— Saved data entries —
·····
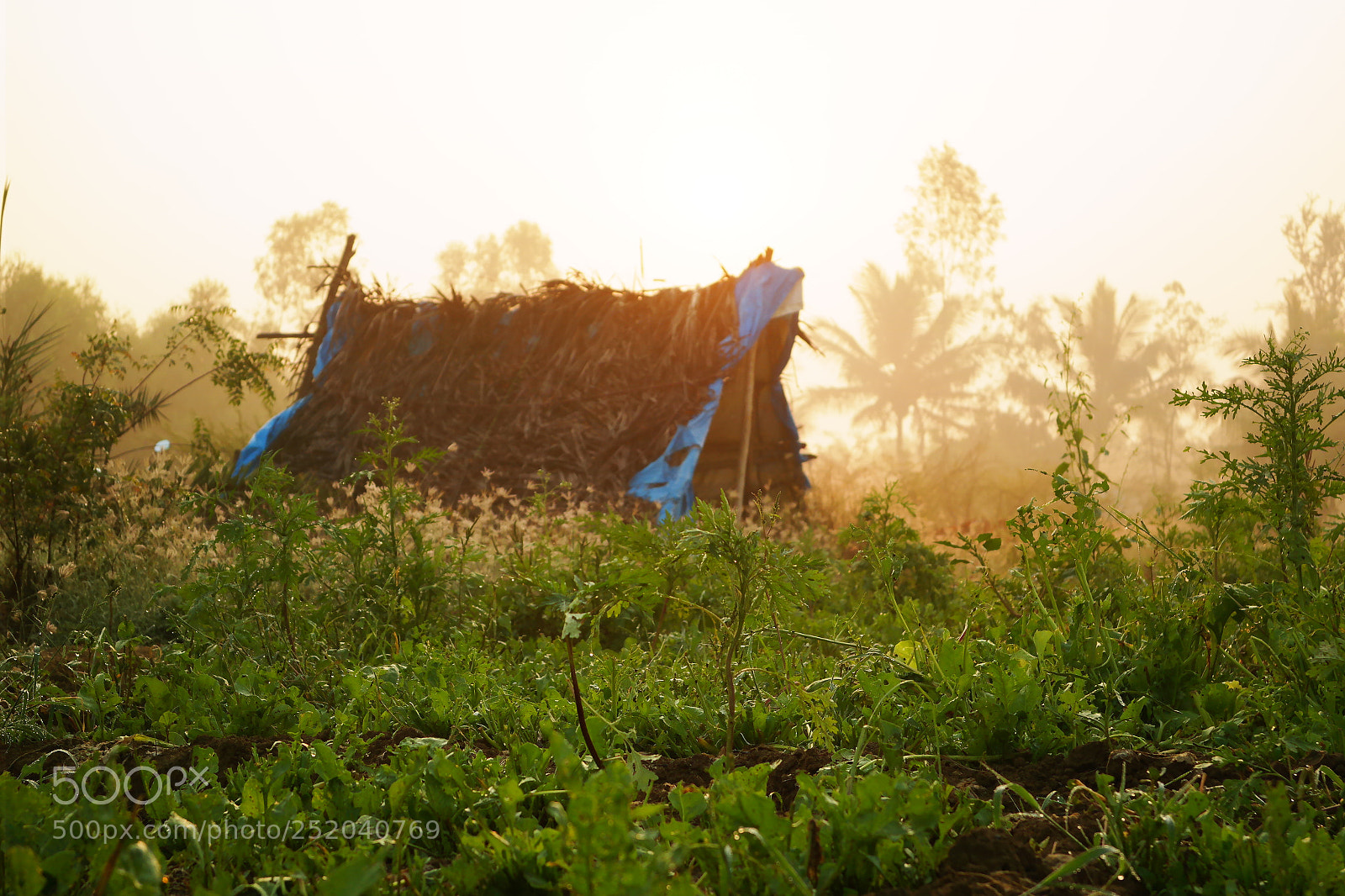 Samsung NX2000 sample photo. Golden sunrise photography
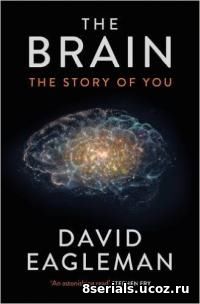 Мозг с Дэвидом Иглменом (2015)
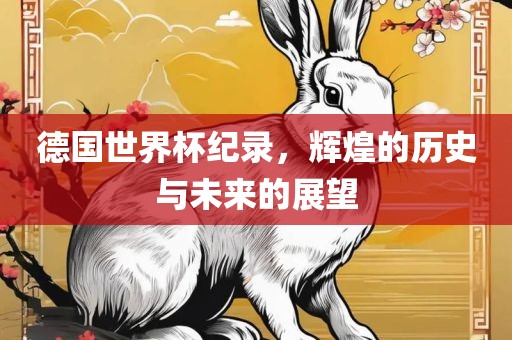 德国世界杯纪录，辉煌的历史与未来的展望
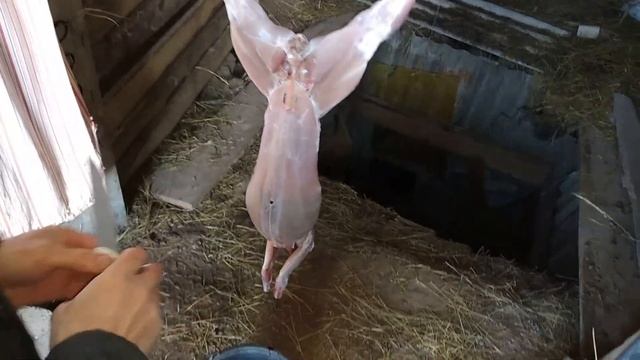 Снимаем шкуру с кролика - пошагово.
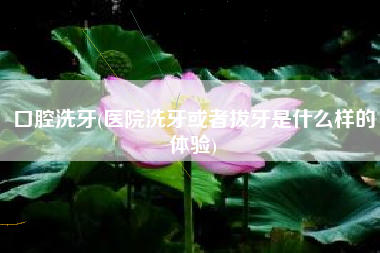 口腔洗牙(医院洗牙或者拔牙是什么样的体验)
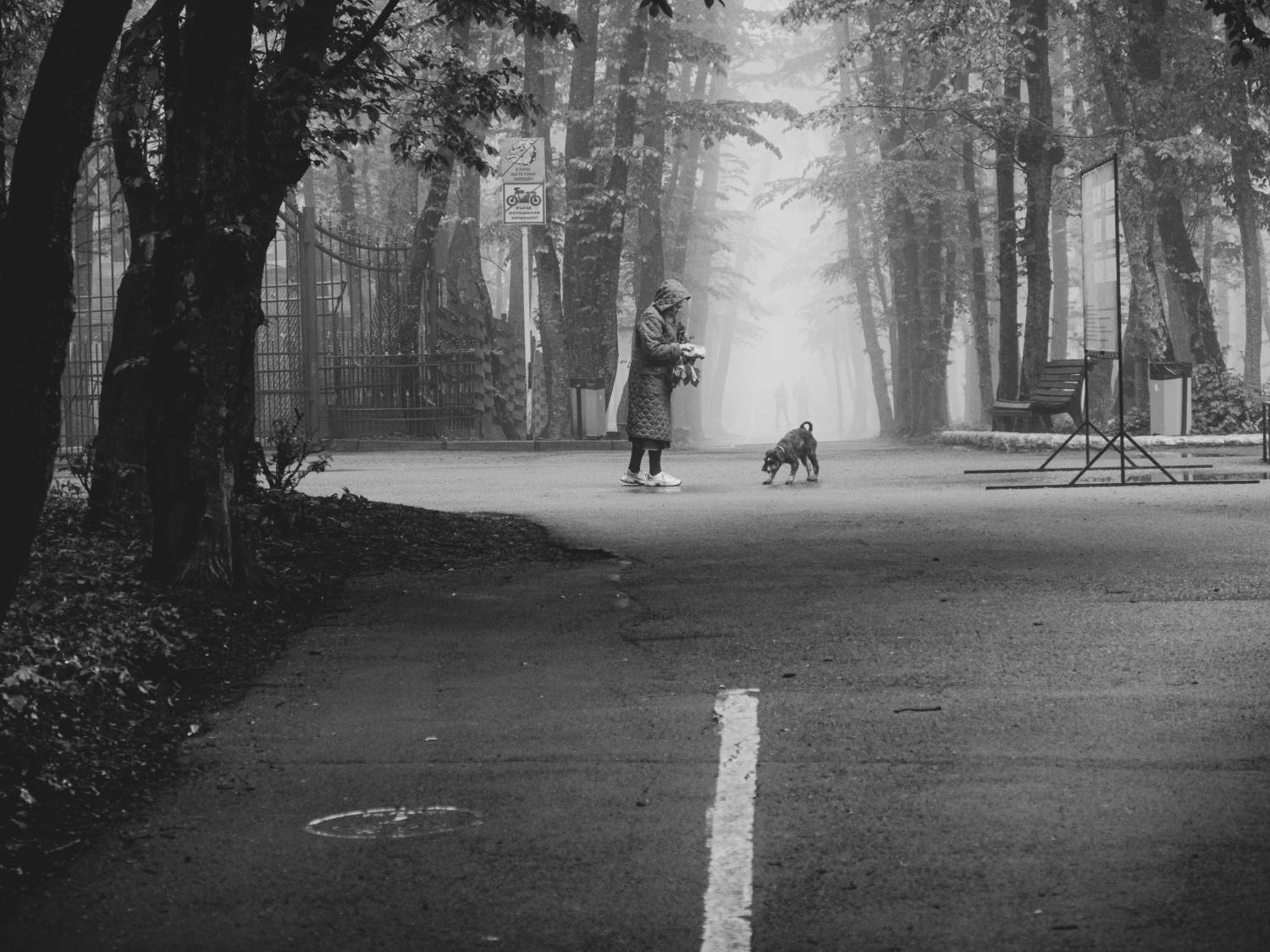 Photo #9147862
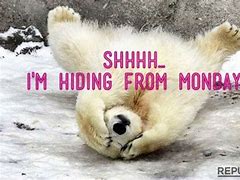 Image result for Hiding From Monday Meme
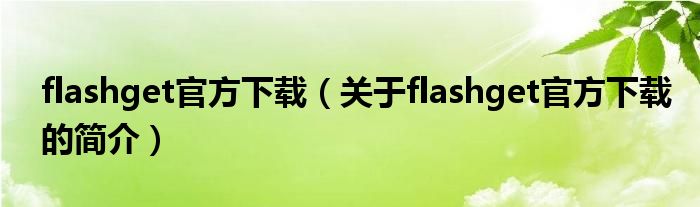 flashget官方下載（關(guān)于flashget官方下載的簡介）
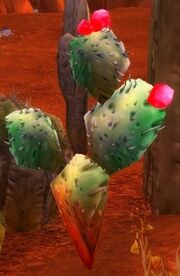 Cactus Apple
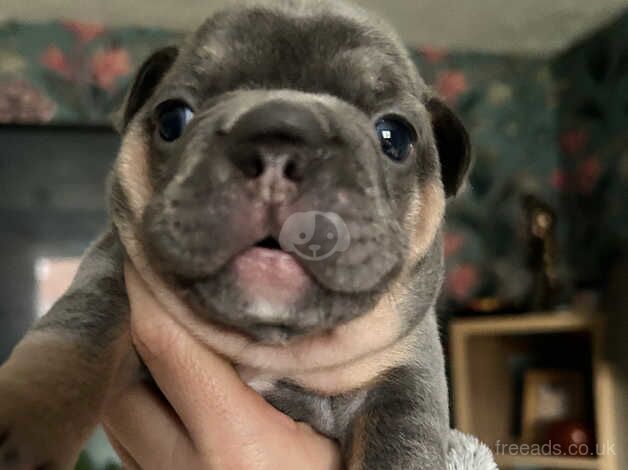 Beautiful litter of 9 blue/lilac and tan frenchies. Full suit for sale in Cardiff - Image 2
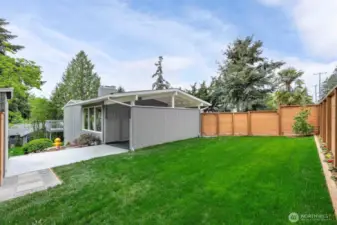 Front Yard
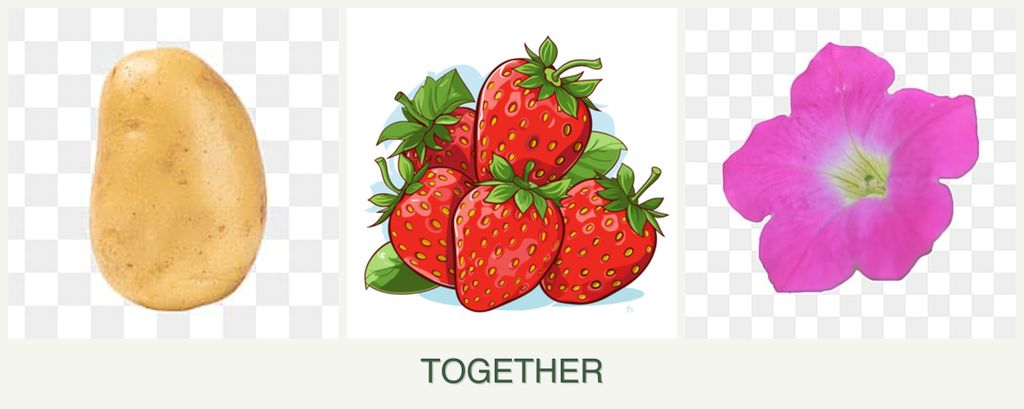 Can you plant potatoes, strawberries and petunias together?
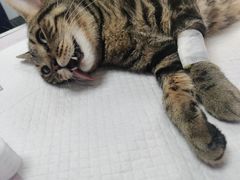 -喜多萌中农锦绣动物医院24H·猫科·牙科MRI·CT
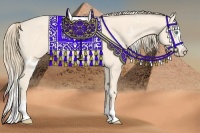 Horse Color:White Spotted Perlino Roan Splash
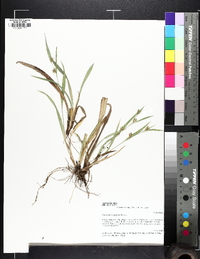 Carex flaccosperma image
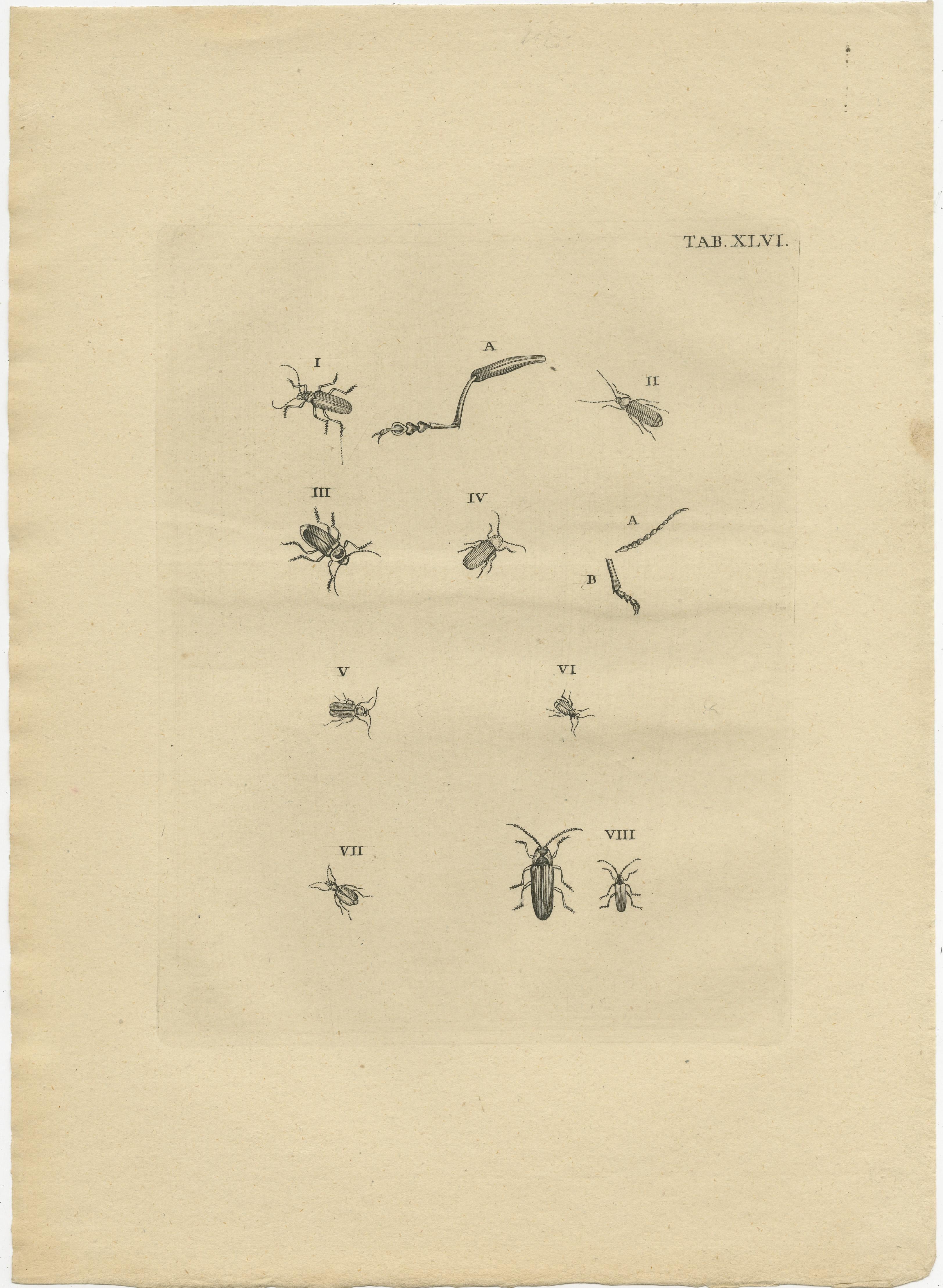 Ensemble de deux impressions originales anciennes de petits insectes / coléoptères. Ces impressions proviennent très probablement d'une édition de l'ouvrage rare 
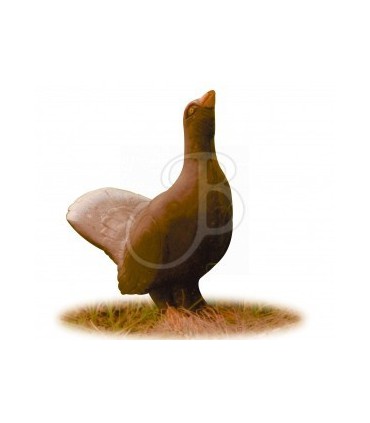 Cible 3D AA Coq de Bruyere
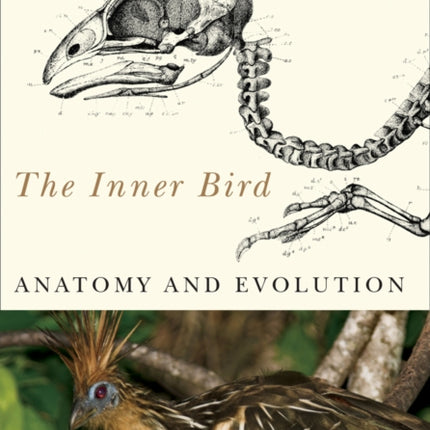 The Inner Bird: Anatomy and Evolution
·····
— Task to complete —
Please copy exactly, and only, the lines from the one that contains "Снимаем шкуру с кролика - пошагово." through the last line of the data above, omitting all pictures.

— Task output —
 Снимаем шкуру с кролика - пошагово.
 口腔洗牙(医院洗牙或者拔牙是什么样的体验)
 Photo #9147862
 Image result for Hiding From Monday Meme
 flashget官方下載（關(guān)于flashget官方下載的簡介）
 Cactus Apple
 Beautiful litter of 9 blue/lilac and tan frenchies. Full suit for sale in Cardiff - Image 2
 Front Yard
 Can you plant potatoes, strawberries and petunias together?
 -喜多萌中农锦绣动物医院24H·猫科·牙科MRI·CT
 Horse Color:White Spotted Perlino Roan Splash
 Carex flaccosperma image
 Ensemble de deux impressions originales anciennes de petits insectes / coléoptères. Ces impressions proviennent très probablement d'une édition de l'ouvrage rare 
 Cible 3D AA Coq de Bruyere
 The Inner Bird: Anatomy and Evolution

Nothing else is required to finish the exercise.